MAC Flaps – why are they bad? | Network Development Team

What is a MAC Flap?

A MAC Flap is caused when a switch receives packets from two different interfaces with the same source MAC address. If this makes no sense, perhaps a quick summary of how switching at layer 2 works will help.

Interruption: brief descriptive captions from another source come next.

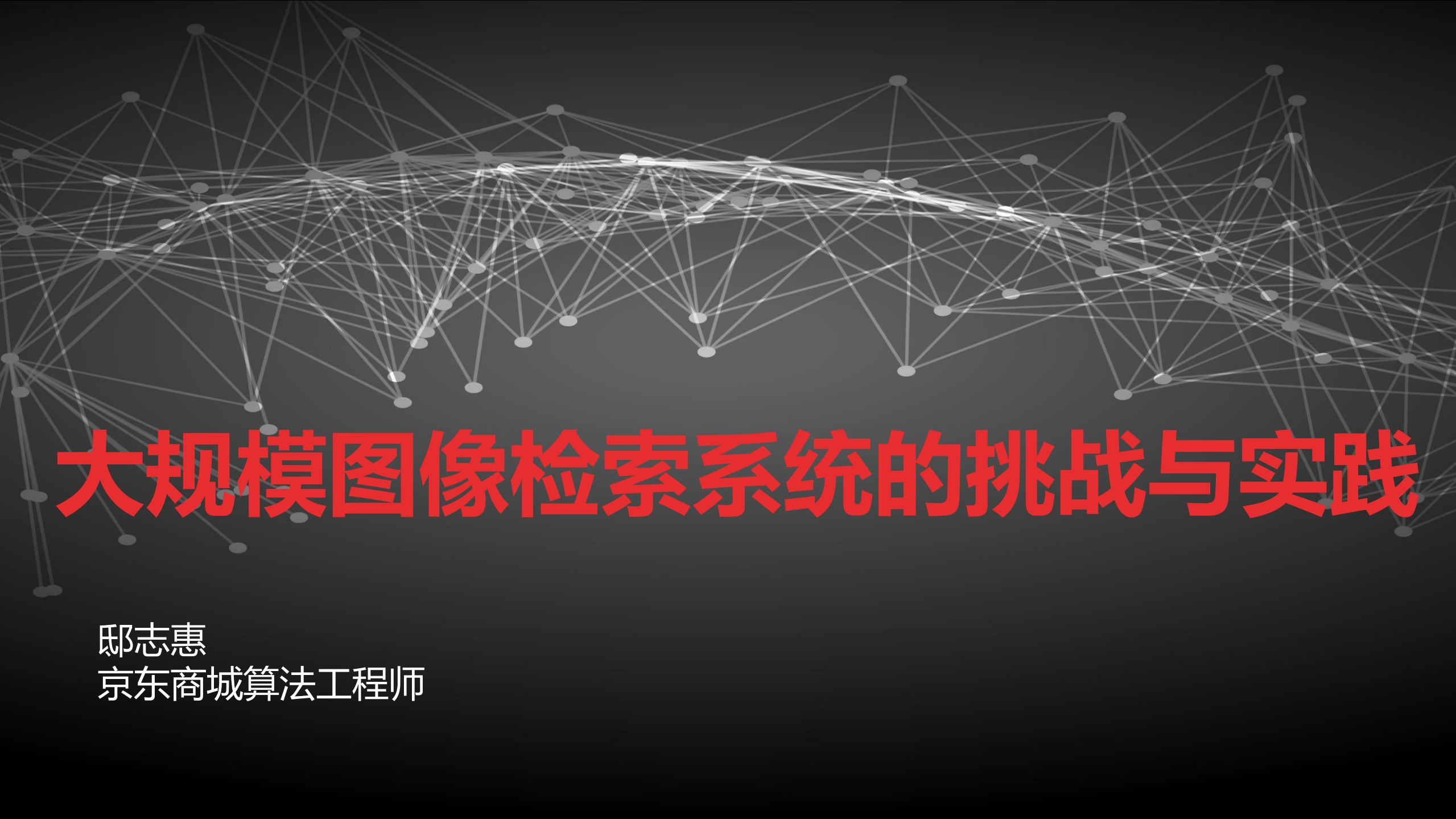 大规模图像检索系统的挑战与实践_ITIL之家(www.itilzj.com)_.PDF 第1页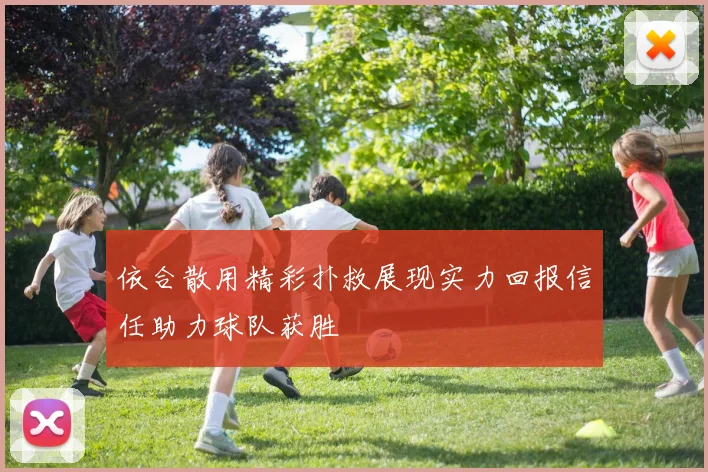 依合散用精彩扑救展现实力回报信任助力球队获胜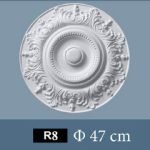 سرة للسقف فيوتك 47 سم كود R08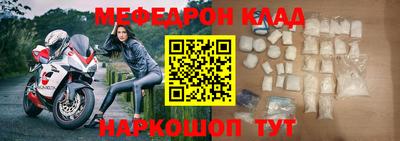 кристаллы Кинель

Switches learn where hosts are by examining the source MAC address in frames received on a port, and populating its MAC address-table with an entry for that MAC address and port. Say a device ‘A’ with MAC aaaa.aaaa.aaaa (hereafter aaaa) sends a frame to device ‘B’ with MAC address bbbb. Assume A is on port 0/1 and B is on port 0/2. The switch populates it MAC address-table something like:

Port		Host
0/1		aaaa

and floods the frame out of all other ports. When B replies the MAC address table becomes:

Port		Host
0/1		aaaa
0/2		bbbb

and the switch forwards the frame to port 0/1 – there is no need to flood now since the location of A is known.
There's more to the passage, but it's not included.